HOW TO COMPLETE THIS TASK:
All records, minus the pictures: write them out exactly.

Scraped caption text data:
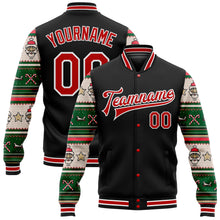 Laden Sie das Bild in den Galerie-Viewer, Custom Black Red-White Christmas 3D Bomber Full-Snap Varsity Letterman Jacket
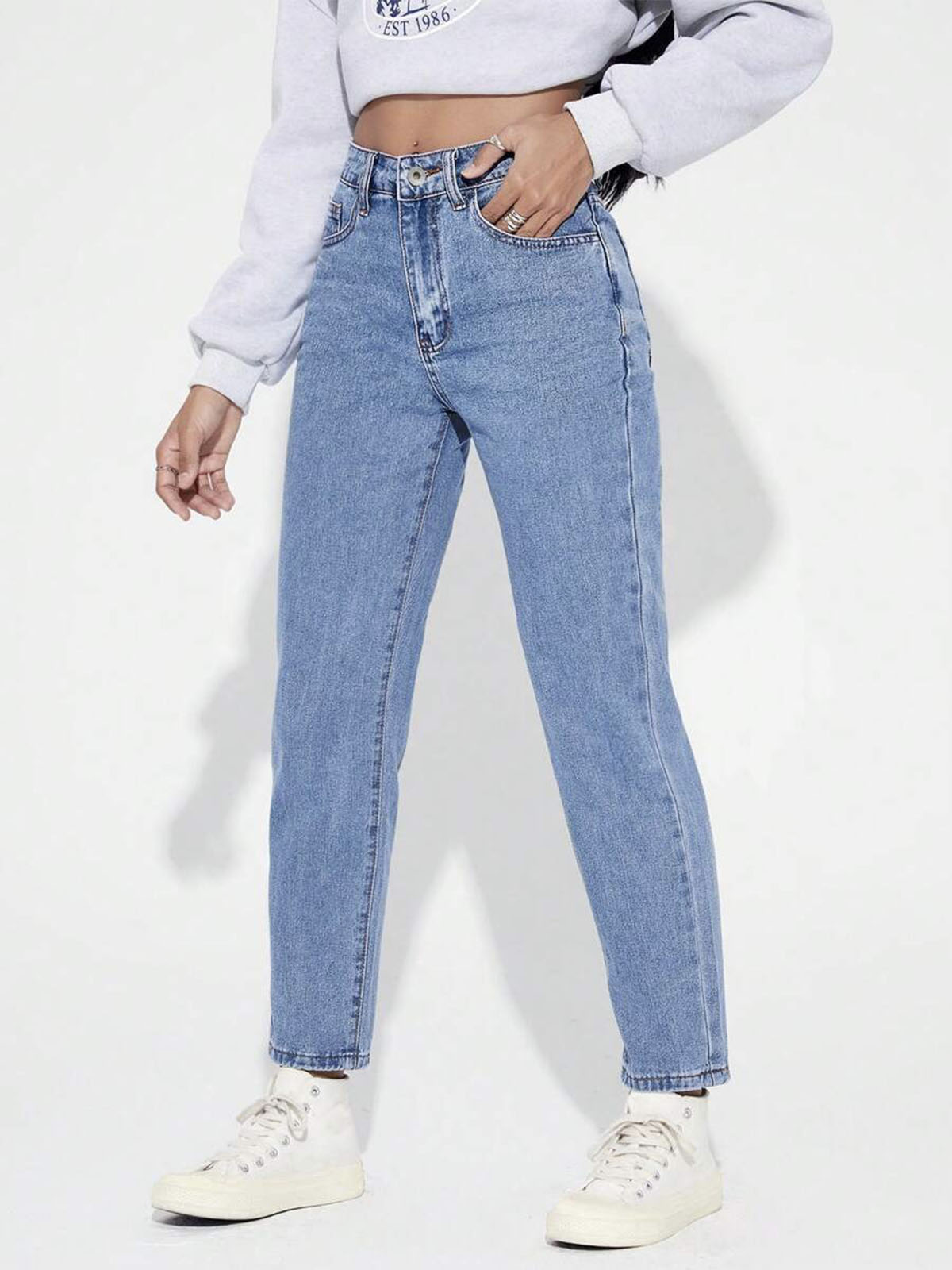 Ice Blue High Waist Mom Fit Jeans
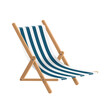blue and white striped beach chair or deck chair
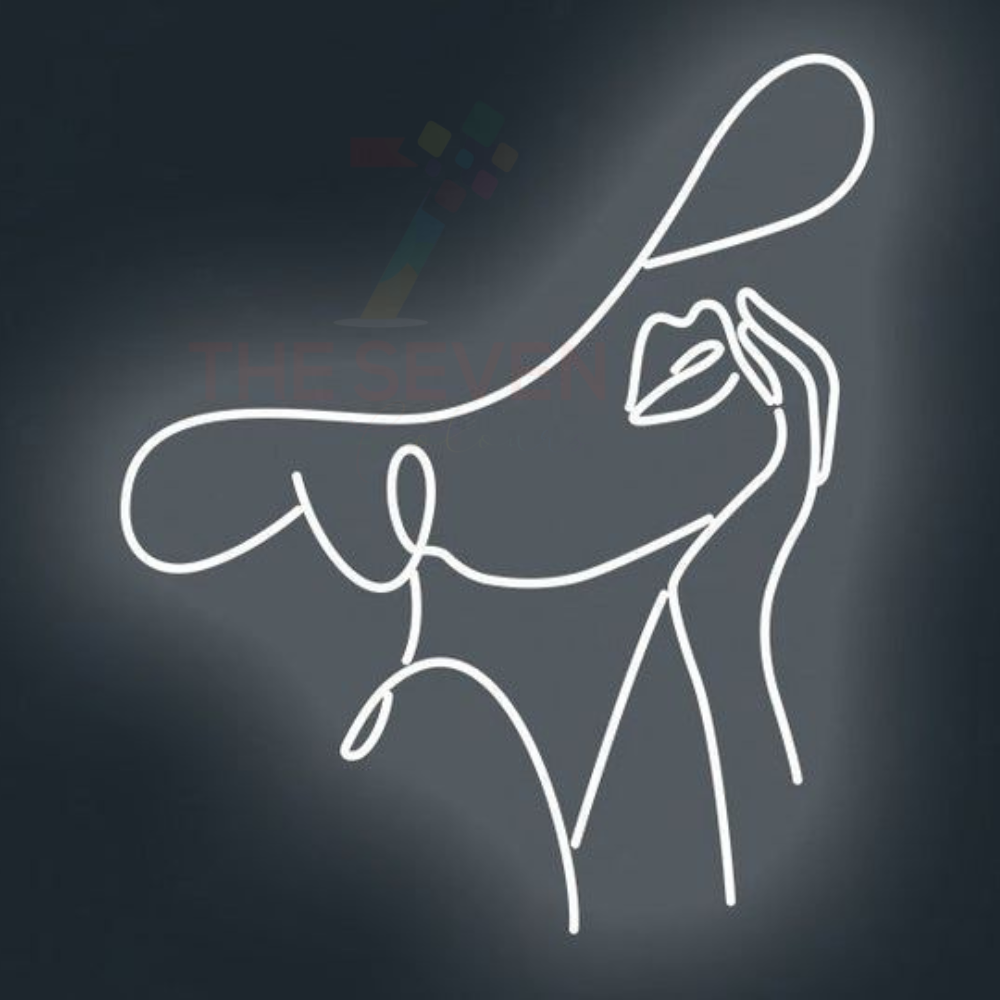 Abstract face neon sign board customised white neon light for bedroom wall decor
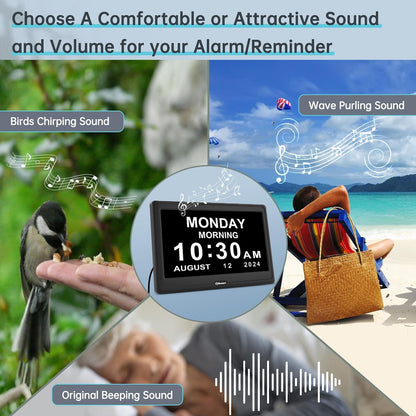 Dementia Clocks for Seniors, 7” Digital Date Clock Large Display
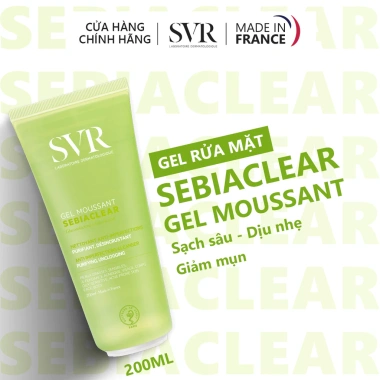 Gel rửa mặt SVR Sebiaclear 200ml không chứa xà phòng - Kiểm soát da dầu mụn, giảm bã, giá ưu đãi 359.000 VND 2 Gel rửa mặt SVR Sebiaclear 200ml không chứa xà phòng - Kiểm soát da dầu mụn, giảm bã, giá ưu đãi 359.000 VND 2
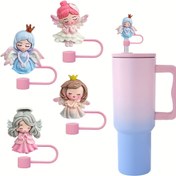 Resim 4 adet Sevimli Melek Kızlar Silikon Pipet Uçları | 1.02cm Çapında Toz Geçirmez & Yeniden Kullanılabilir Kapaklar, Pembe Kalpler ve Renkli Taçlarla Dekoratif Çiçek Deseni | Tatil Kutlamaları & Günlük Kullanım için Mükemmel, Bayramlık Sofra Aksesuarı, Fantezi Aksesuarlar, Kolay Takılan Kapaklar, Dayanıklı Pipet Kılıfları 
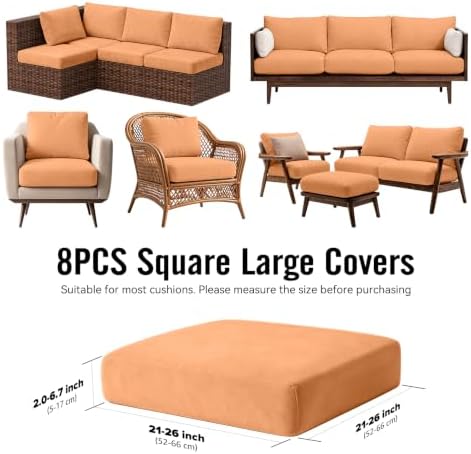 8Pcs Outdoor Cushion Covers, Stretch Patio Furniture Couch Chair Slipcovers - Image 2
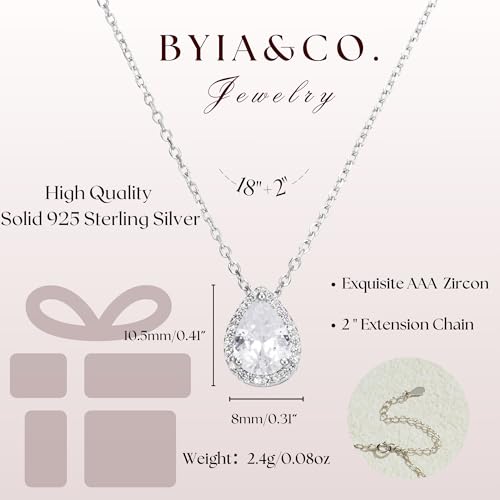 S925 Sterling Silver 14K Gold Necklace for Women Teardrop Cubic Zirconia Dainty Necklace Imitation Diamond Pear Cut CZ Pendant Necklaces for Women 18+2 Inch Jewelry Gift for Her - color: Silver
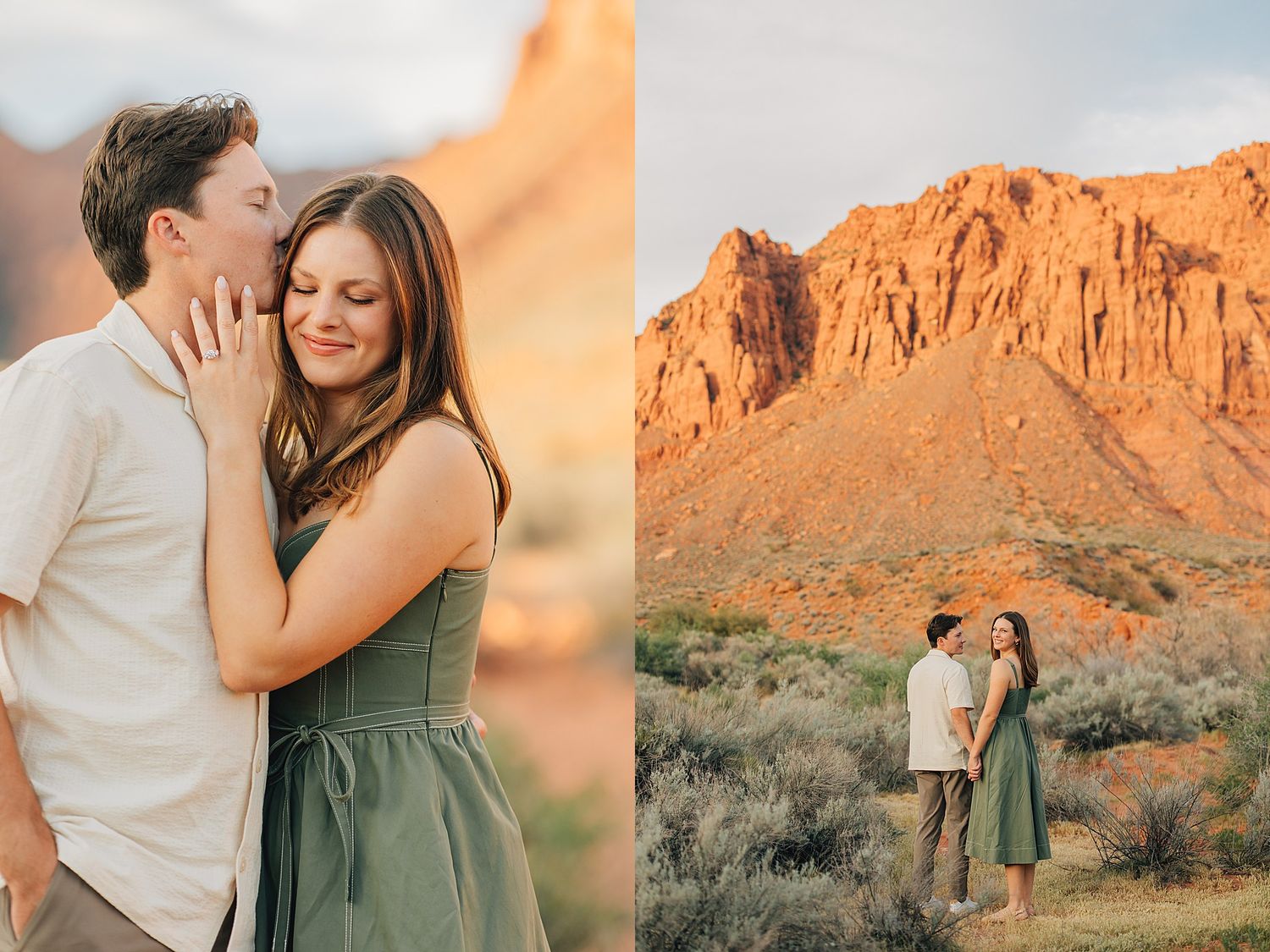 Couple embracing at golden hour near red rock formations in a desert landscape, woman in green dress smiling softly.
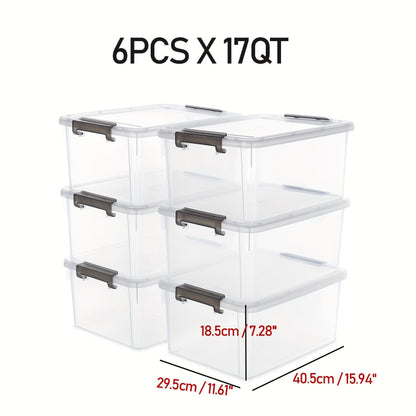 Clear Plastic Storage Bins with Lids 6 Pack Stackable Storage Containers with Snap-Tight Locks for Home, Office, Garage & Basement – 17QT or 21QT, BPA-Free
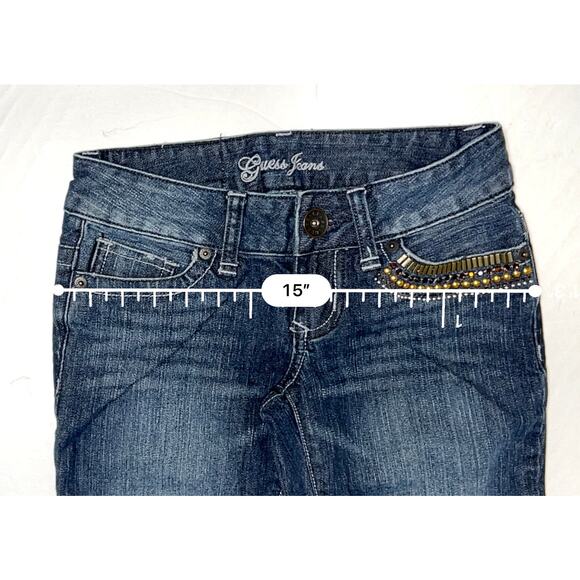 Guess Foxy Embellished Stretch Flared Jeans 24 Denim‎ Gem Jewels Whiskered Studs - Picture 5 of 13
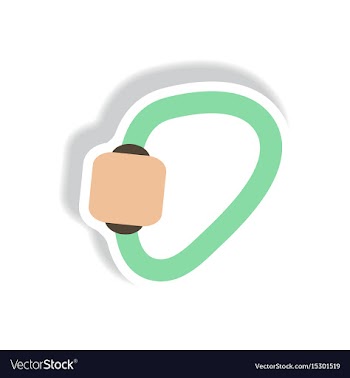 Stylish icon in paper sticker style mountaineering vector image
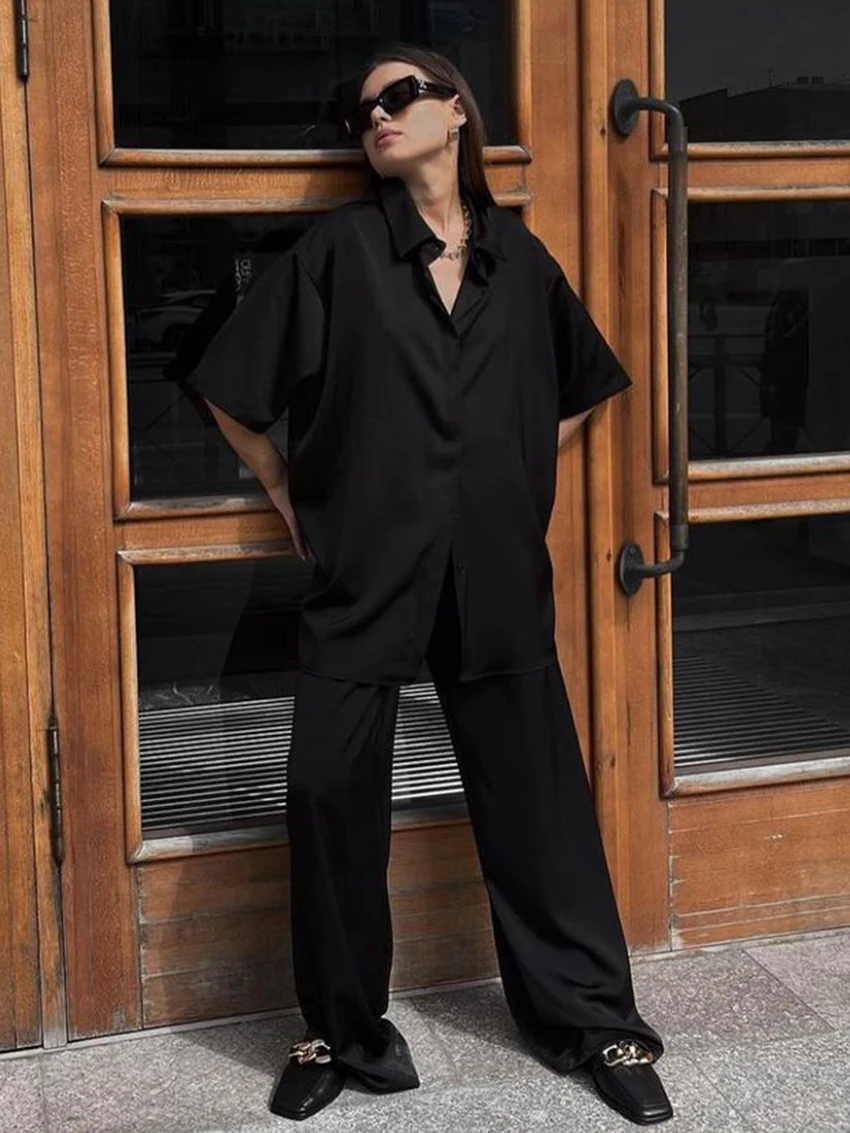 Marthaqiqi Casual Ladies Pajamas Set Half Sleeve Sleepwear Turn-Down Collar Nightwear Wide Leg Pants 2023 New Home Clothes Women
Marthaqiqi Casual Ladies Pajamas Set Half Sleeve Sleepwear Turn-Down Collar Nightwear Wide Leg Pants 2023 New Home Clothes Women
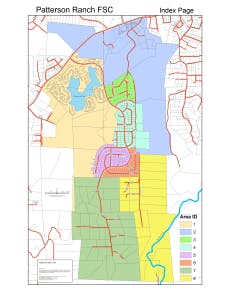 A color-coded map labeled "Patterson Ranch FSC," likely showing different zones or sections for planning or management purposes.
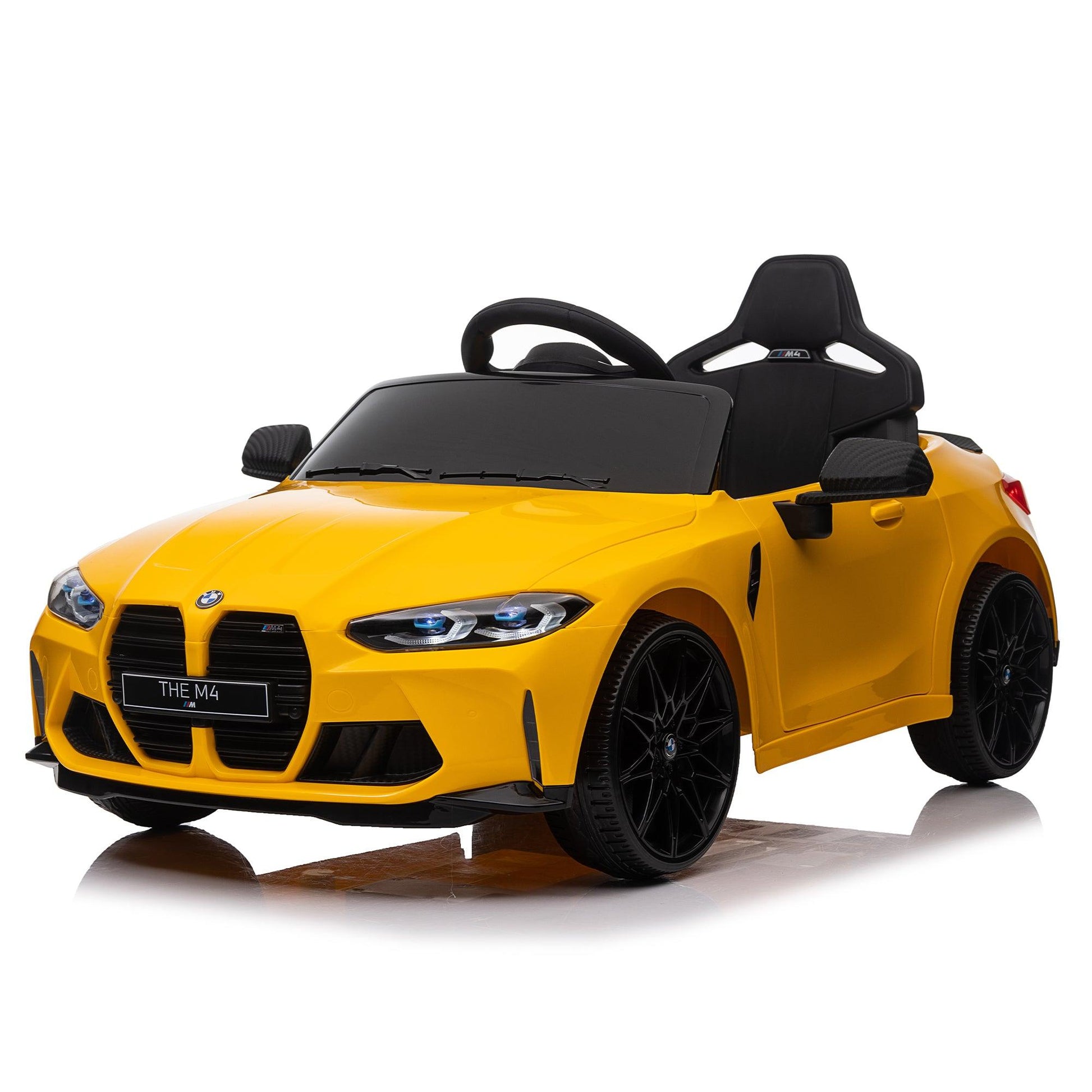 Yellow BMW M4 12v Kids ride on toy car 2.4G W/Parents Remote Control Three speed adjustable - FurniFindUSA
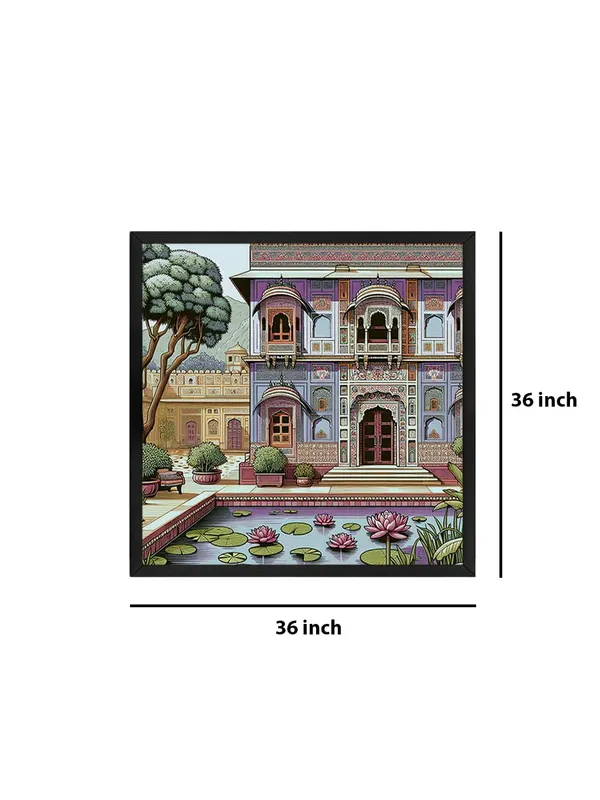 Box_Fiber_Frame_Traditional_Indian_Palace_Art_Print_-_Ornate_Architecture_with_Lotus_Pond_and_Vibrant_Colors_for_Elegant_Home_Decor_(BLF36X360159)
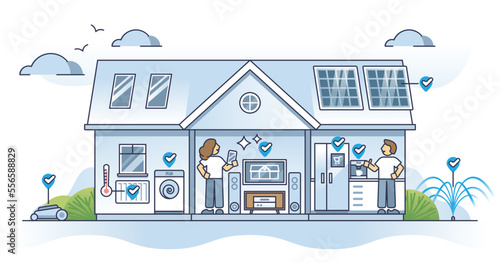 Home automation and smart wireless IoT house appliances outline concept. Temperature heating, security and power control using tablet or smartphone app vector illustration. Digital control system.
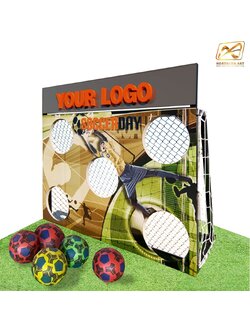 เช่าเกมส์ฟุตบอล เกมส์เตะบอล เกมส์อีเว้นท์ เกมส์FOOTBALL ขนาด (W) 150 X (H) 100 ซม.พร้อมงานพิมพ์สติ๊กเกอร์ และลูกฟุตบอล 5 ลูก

OUTPUT BELOW:
 Laden Sie das Bild in den Galerie-Viewer, Custom Black Red-White Christmas 3D Bomber Full-Snap Varsity Letterman Jacket
 Ice Blue High Waist Mom Fit Jeans
blue and white striped beach chair or deck chair
 Abstract face neon sign board customised white neon light for bedroom wall decor
 Dementia Clocks for Seniors, 7” Digital Date Clock Large Display
 Gel rửa mặt SVR Sebiaclear 200ml không chứa xà phòng - Kiểm soát da dầu mụn, giảm bã, giá ưu đãi 359.000 VND 2 Gel rửa mặt SVR Sebiaclear 200ml không chứa xà phòng - Kiểm soát da dầu mụn, giảm bã, giá ưu đãi 359.000 VND 2
 Resim 4 adet Sevimli Melek Kızlar Silikon Pipet Uçları | 1.02cm Çapında Toz Geçirmez & Yeniden Kullanılabilir Kapaklar, Pembe Kalpler ve Renkli Taçlarla Dekoratif Çiçek Deseni | Tatil Kutlamaları & Günlük Kullanım için Mükemmel, Bayramlık Sofra Aksesuarı, Fantezi Aksesuarlar, Kolay Takılan Kapaklar, Dayanıklı Pipet Kılıfları 
 8Pcs Outdoor Cushion Covers, Stretch Patio Furniture Couch Chair Slipcovers - Image 2
 S925 Sterling Silver 14K Gold Necklace for Women Teardrop Cubic Zirconia Dainty Necklace Imitation Diamond Pear Cut CZ Pendant Necklaces for Women 18+2 Inch Jewelry Gift for Her - color: Silver
 Couple embracing at golden hour near red rock formations in a desert landscape, woman in green dress smiling softly.
 Clear Plastic Storage Bins with Lids 6 Pack Stackable Storage Containers with Snap-Tight Locks for Home, Office, Garage & Basement – 17QT or 21QT, BPA-Free
 Guess Foxy Embellished Stretch Flared Jeans 24 Denim‎ Gem Jewels Whiskered Studs - Picture 5 of 13
 Stylish icon in paper sticker style mountaineering vector image
 Marthaqiqi Casual Ladies Pajamas Set Half Sleeve Sleepwear Turn-Down Collar Nightwear Wide Leg Pants 2023 New Home Clothes Women
Marthaqiqi Casual Ladies Pajamas Set Half Sleeve Sleepwear Turn-Down Collar Nightwear Wide Leg Pants 2023 New Home Clothes Women
 A color-coded map labeled "Patterson Ranch FSC," likely showing different zones or sections for planning or management purposes.
 Yellow BMW M4 12v Kids ride on toy car 2.4G W/Parents Remote Control Three speed adjustable - FurniFindUSA
 Box_Fiber_Frame_Traditional_Indian_Palace_Art_Print_-_Ornate_Architecture_with_Lotus_Pond_and_Vibrant_Colors_for_Elegant_Home_Decor_(BLF36X360159)
 Home automation and smart wireless IoT house appliances outline concept. Temperature heating, security and power control using tablet or smartphone app vector illustration. Digital control system.
 เช่าเกมส์ฟุตบอล เกมส์เตะบอล เกมส์อีเว้นท์ เกมส์FOOTBALL ขนาด (W) 150 X (H) 100 ซม.พร้อมงานพิมพ์สติ๊กเกอร์ และลูกฟุตบอล 5 ลูก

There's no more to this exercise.